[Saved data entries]
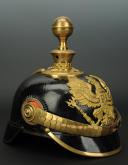 Photo 2 : CASQUE À POINTE D'OFFICIER D'ARTILLERIE À PIED PRUSSIEN 'FUSSARTILLERIE REGT GENERAL FELDZEUGMEISTER (Brandenburgisches) n°3', modèle 1895.
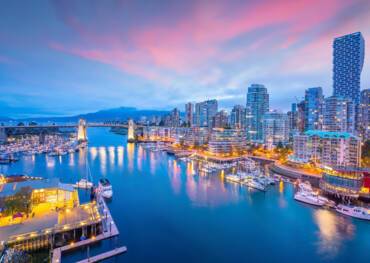 One night 4★ hotel stay in Vancouver, Canada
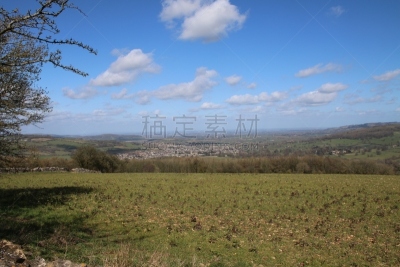 温什科姆,风景,在上面,天空,水平画幅,地形,无人,蓝色,英格兰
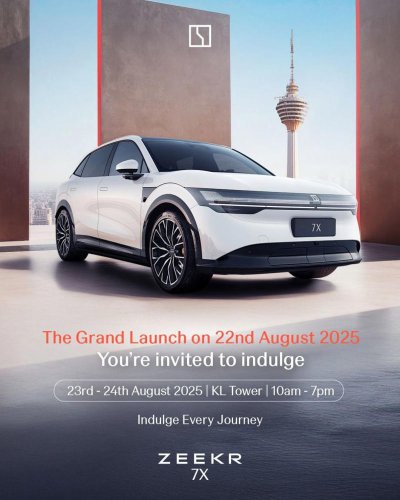 Zeekr 7X Malaysia launch happening at KL Tower, open to public on 23-24 August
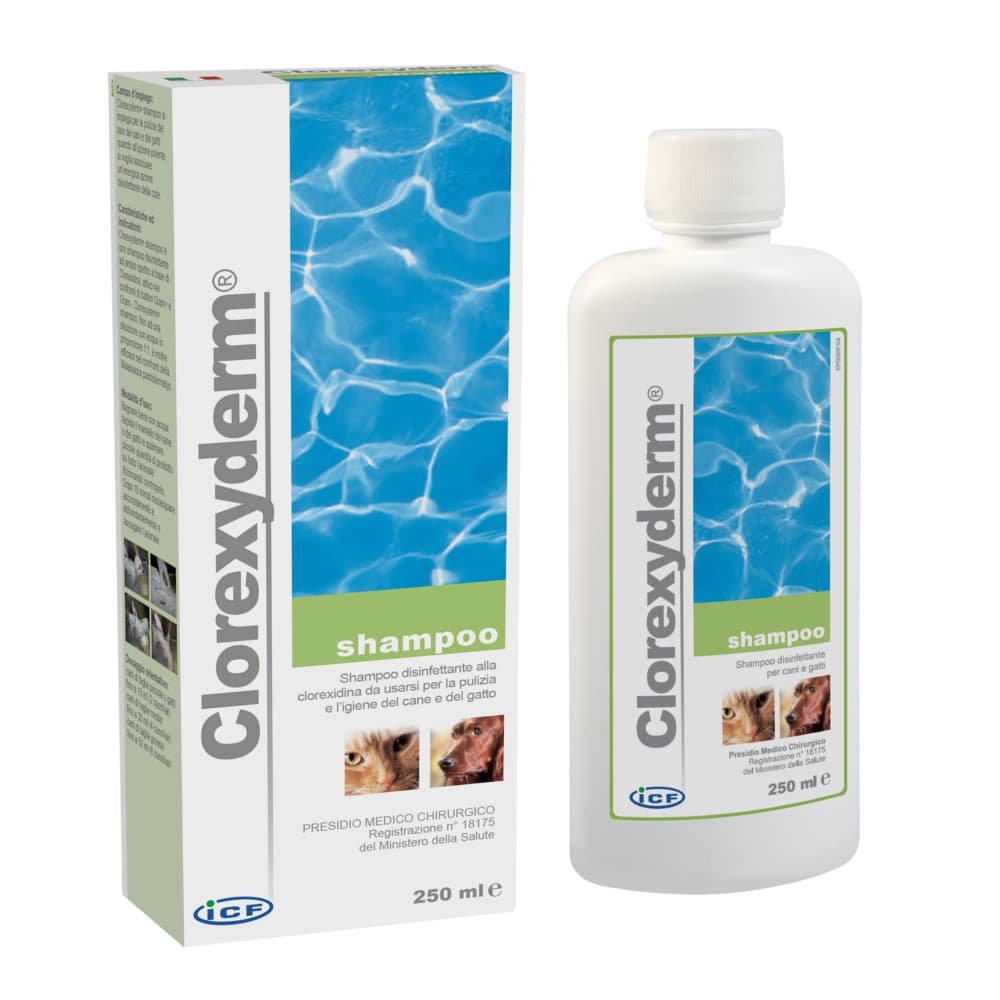 Clorexyderm Shampoo - Hair/Skin Care - 250 ml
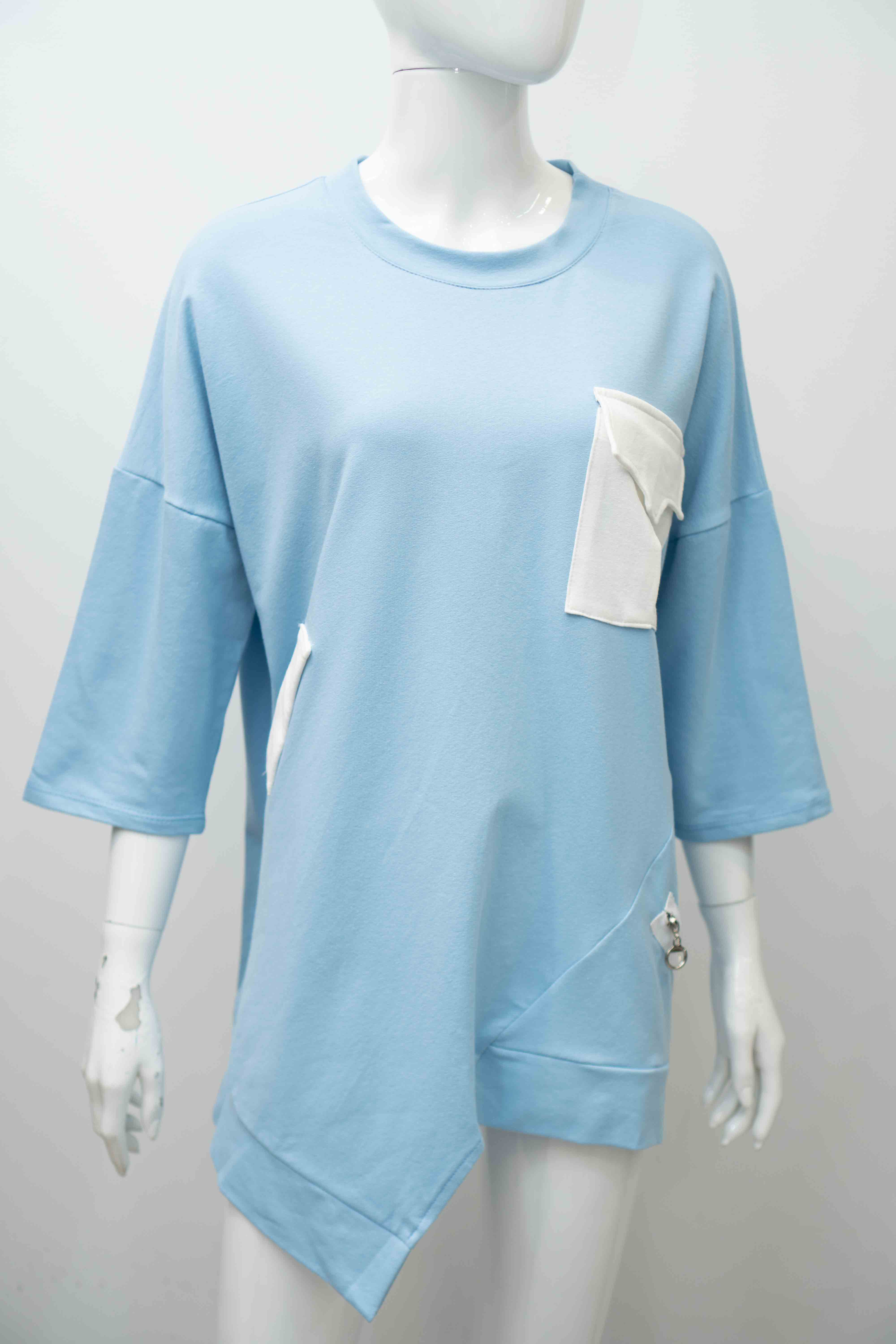 MOOYA - Wholesale T-shirt – women's - Oversized plain cotton T-shirt i70492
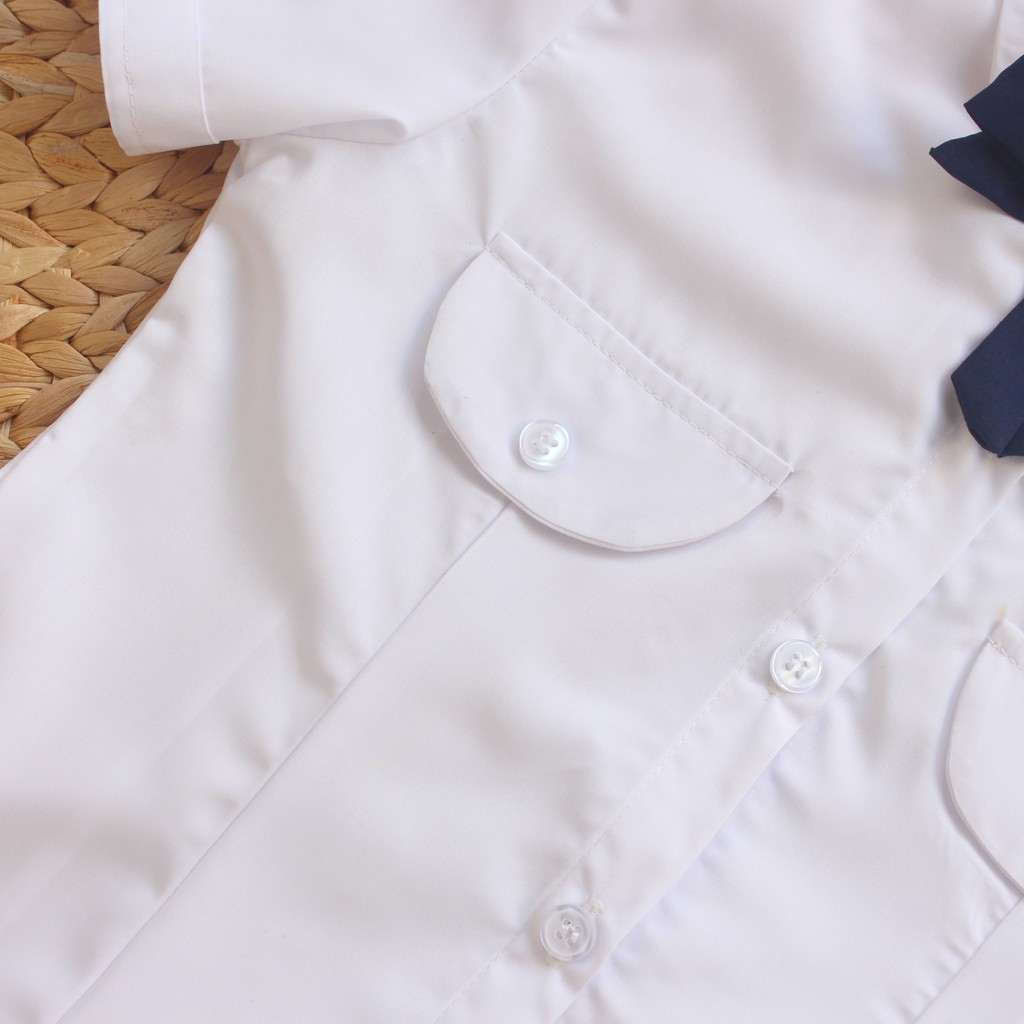 Áo sơ mi học sinh nữ có nắp túi Jadiny,áo sơ mi đi học cấp 2,cấp 3, phong cách mới lạ, phom dáng đẹp,vải chất lượng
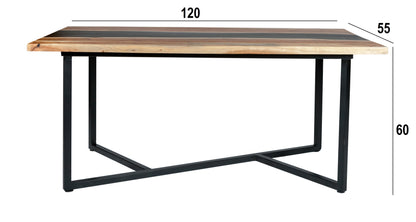 Epoxy Jodhpur Coffee Table With Black Leg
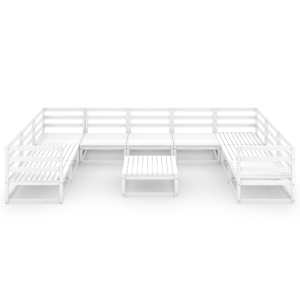 vidaXL Sodo poilsio baldų komplektas, 10 dalių, pu&scaron;ies masyvas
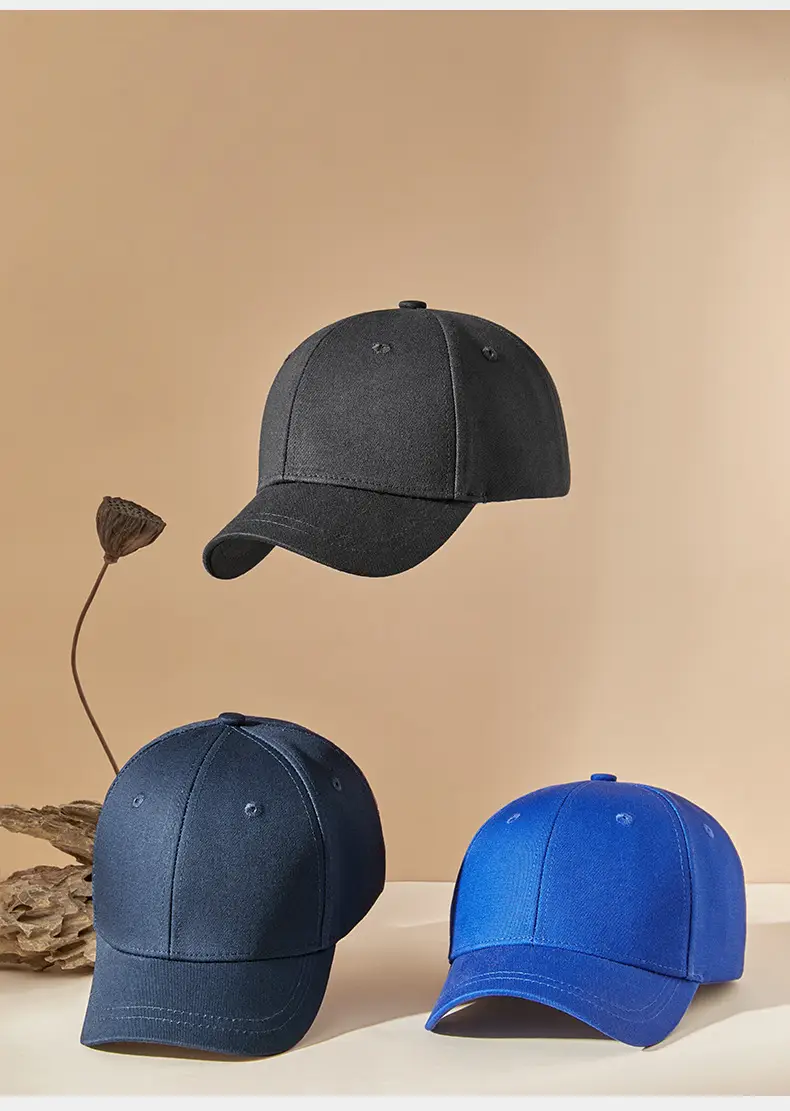 Blue Japanese Light Board Baseball Cap Short Bristle — feature 22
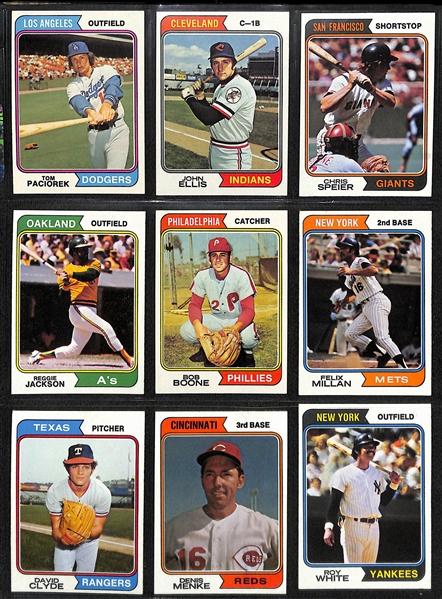 1974 Topps Baseball Card Complete Set (All 660 Cards!) w. 44 Card Traded Set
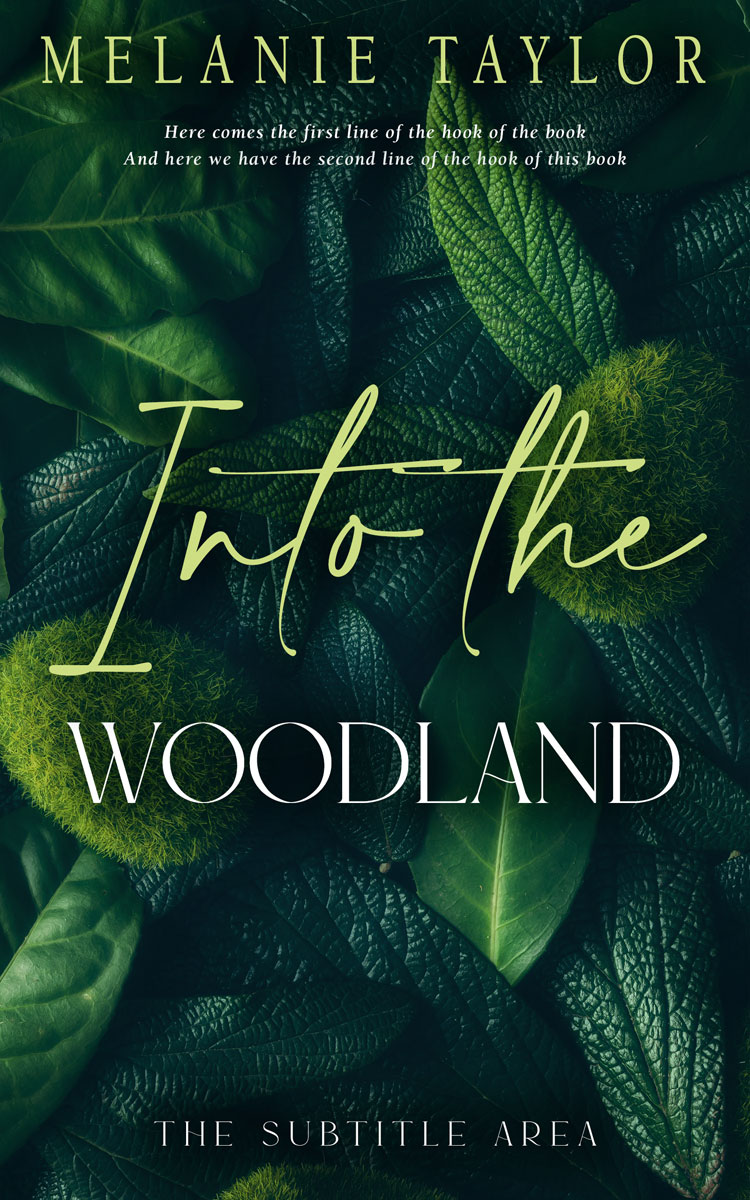 2D view of Premade Nature Book Cover - Bottle Green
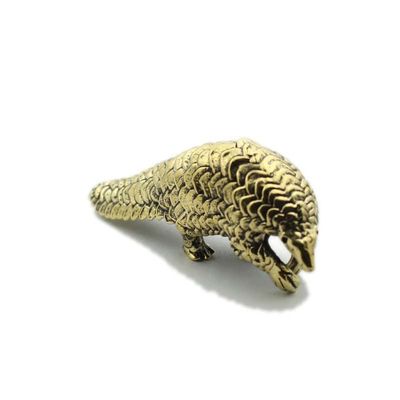 1Pcs   Brass Big Peasant Creative Pure Copper Ornaments Antique Toys Hand Piece Playing Process()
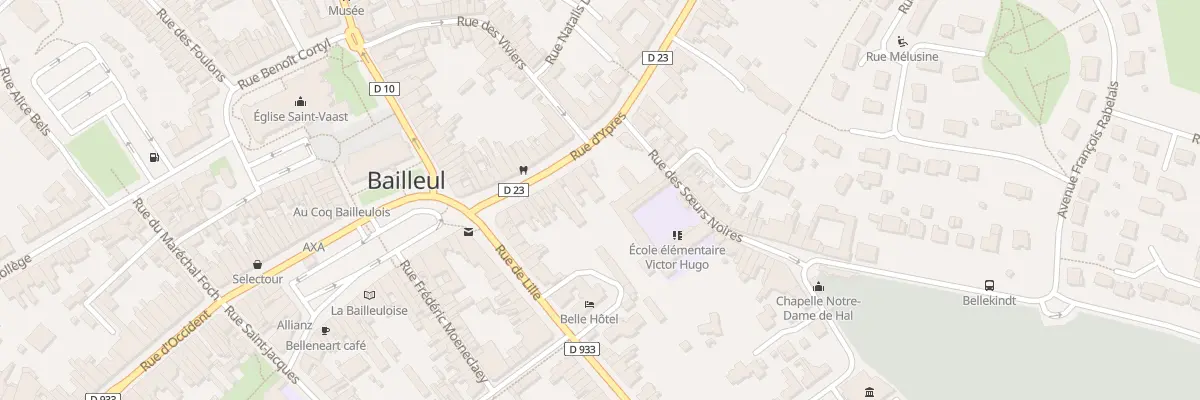 Plan du 20 Rue d’Ypres à Bailleul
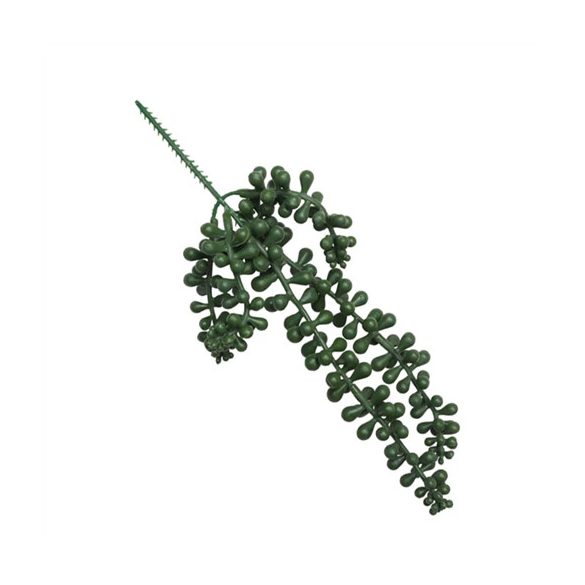 Borsóka gyöngyfűzér 26cm - Zöld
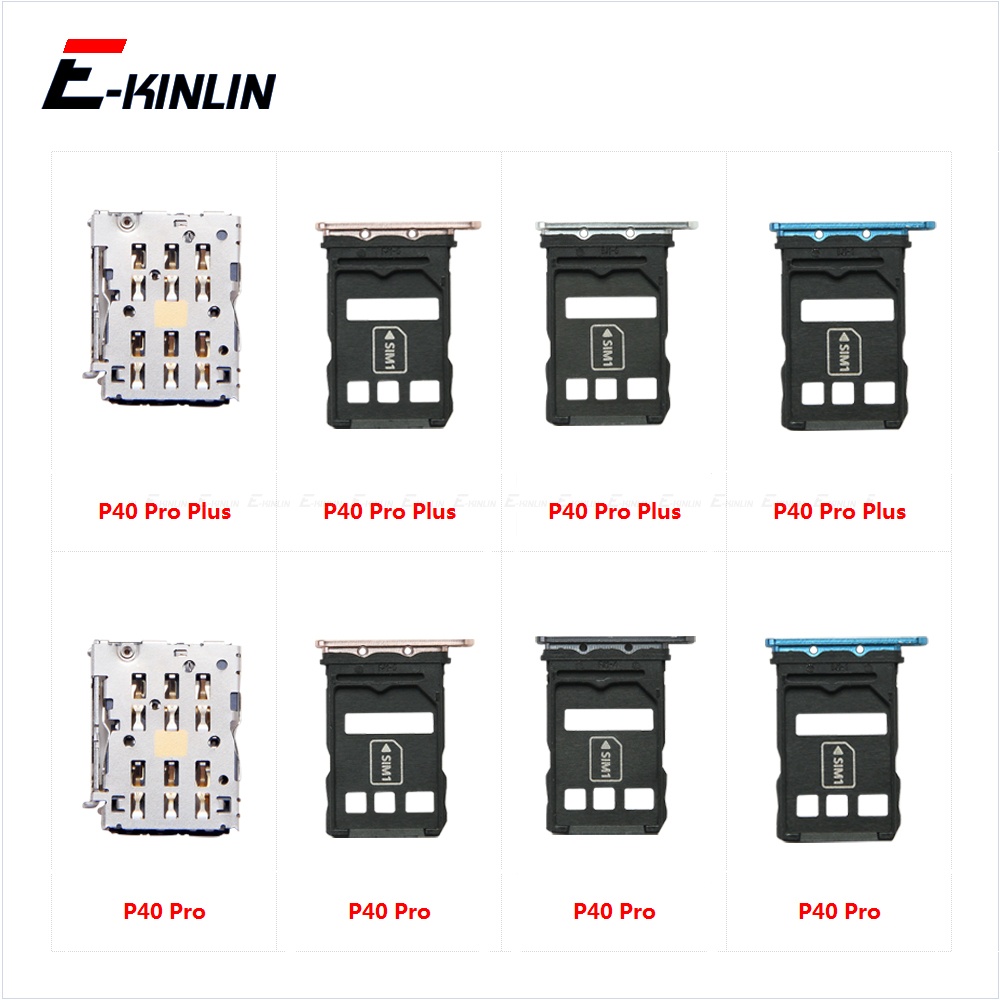 Sim Card Tray Socket Slot Reader Adapter For HuaWei P40 P40 Pro Plus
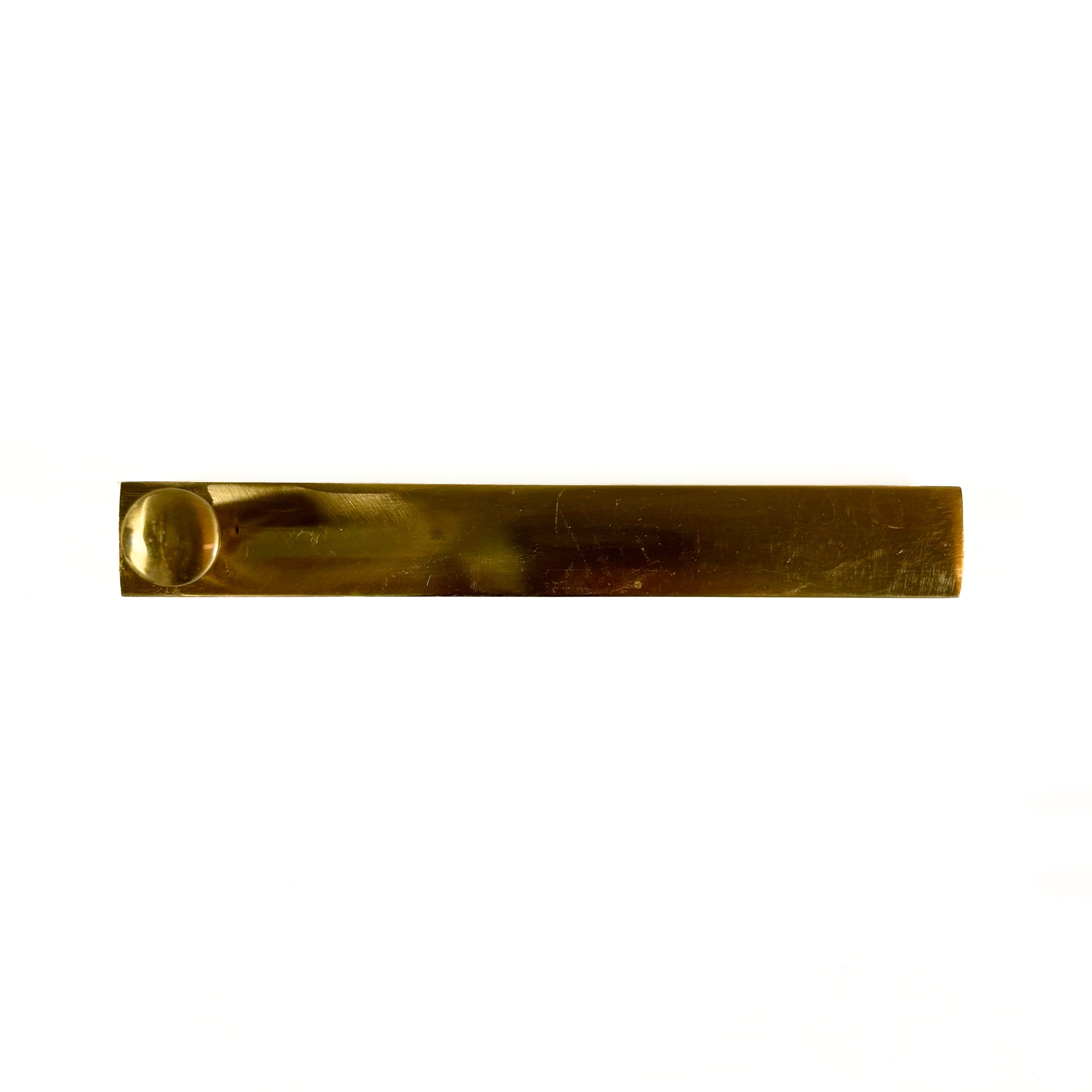 Surface Bolt 4 Inch Solid Brass Polished Brass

* ABOUT THIS EXERCISE *
Only the lines from the line that contains "Blue Japanese Light" through the end of the entries are to be written out, exactly and without pictures, both ends included.

* SOLUTION TO THE PROBLEM *
 Blue Japanese Light Board Baseball Cap Short Bristle — feature 22
 1974 Topps Baseball Card Complete Set (All 660 Cards!) w. 44 Card Traded Set
 2D view of Premade Nature Book Cover - Bottle Green
 1Pcs   Brass Big Peasant Creative Pure Copper Ornaments Antique Toys Hand Piece Playing Process()
 Plan du 20 Rue d’Ypres à Bailleul
 Borsóka gyöngyfűzér 26cm - Zöld
 Sim Card Tray Socket Slot Reader Adapter For HuaWei P40 P40 Pro Plus
 Surface Bolt 4 Inch Solid Brass Polished Brass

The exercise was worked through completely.